=== EXERCISE INPUT ===
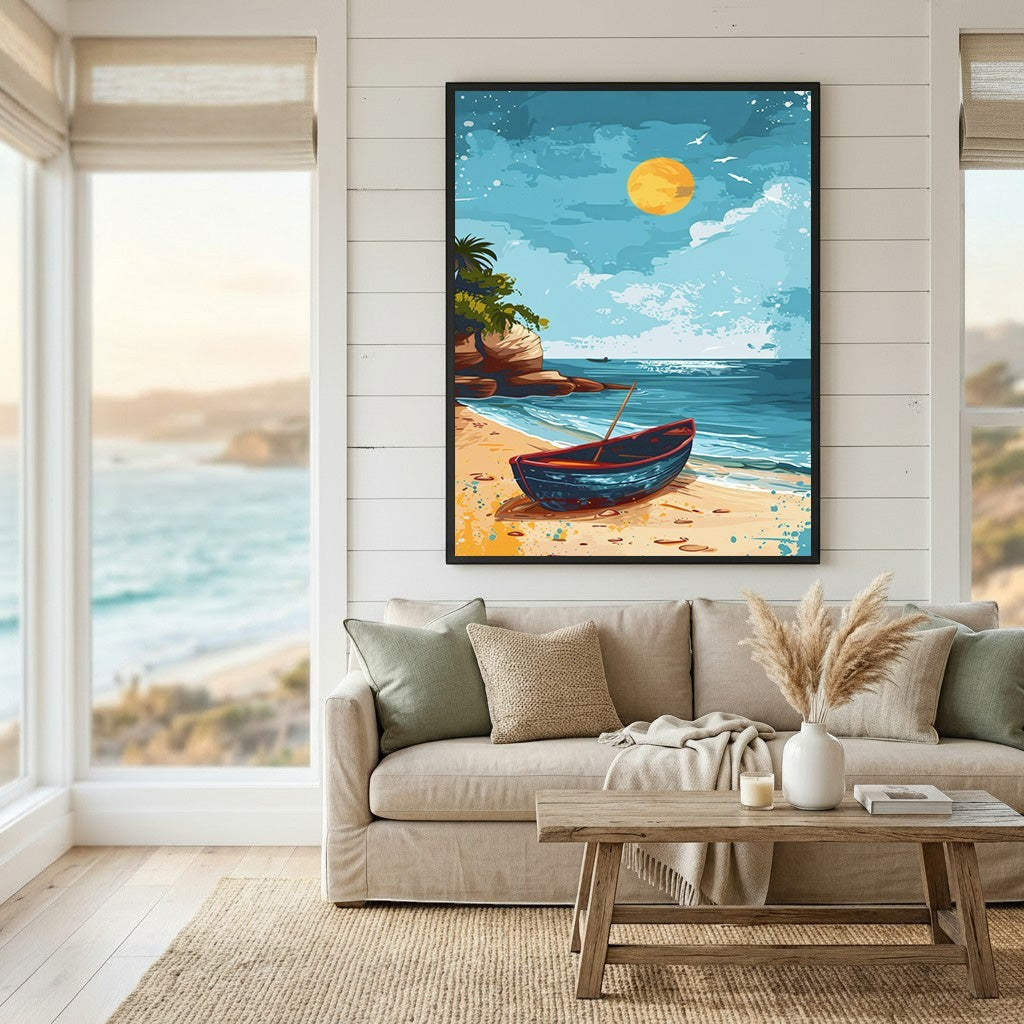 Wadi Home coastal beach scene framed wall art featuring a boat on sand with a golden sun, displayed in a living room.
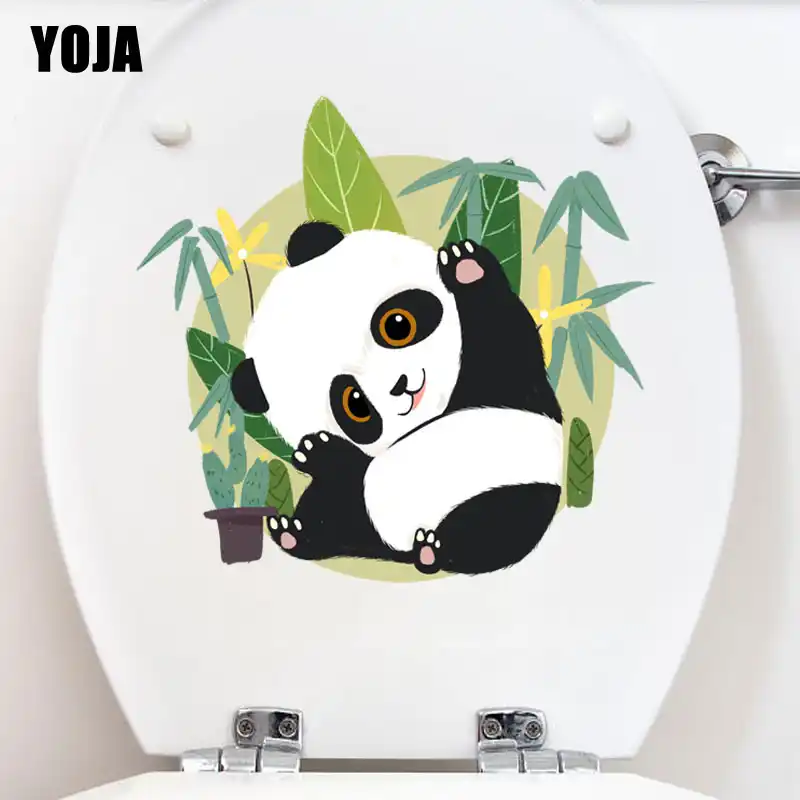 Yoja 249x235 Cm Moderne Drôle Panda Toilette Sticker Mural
===
=== EXERCISE INPUT ===
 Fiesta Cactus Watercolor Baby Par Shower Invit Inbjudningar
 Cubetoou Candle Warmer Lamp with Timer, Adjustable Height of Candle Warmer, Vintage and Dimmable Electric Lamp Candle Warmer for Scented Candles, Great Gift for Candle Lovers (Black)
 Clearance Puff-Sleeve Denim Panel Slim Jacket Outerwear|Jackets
===
=== EXERCISE INPUT ===
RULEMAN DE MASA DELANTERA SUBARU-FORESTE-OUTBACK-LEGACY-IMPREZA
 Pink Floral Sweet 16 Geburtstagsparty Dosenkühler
===
[INSTRUCTIONS TO FOLLOW] Up in the listing, locate the line with "Wadi Home coastal"; print it and every line after it down to the line with "Yoja 249x235 Cm", which is included too. Skip the pictures.

[ANSWER TO THE EXERCISE]
 Wadi Home coastal beach scene framed wall art featuring a boat on sand with a golden sun, displayed in a living room.
 Yoja 249x235 Cm Moderne Drôle Panda Toilette Sticker Mural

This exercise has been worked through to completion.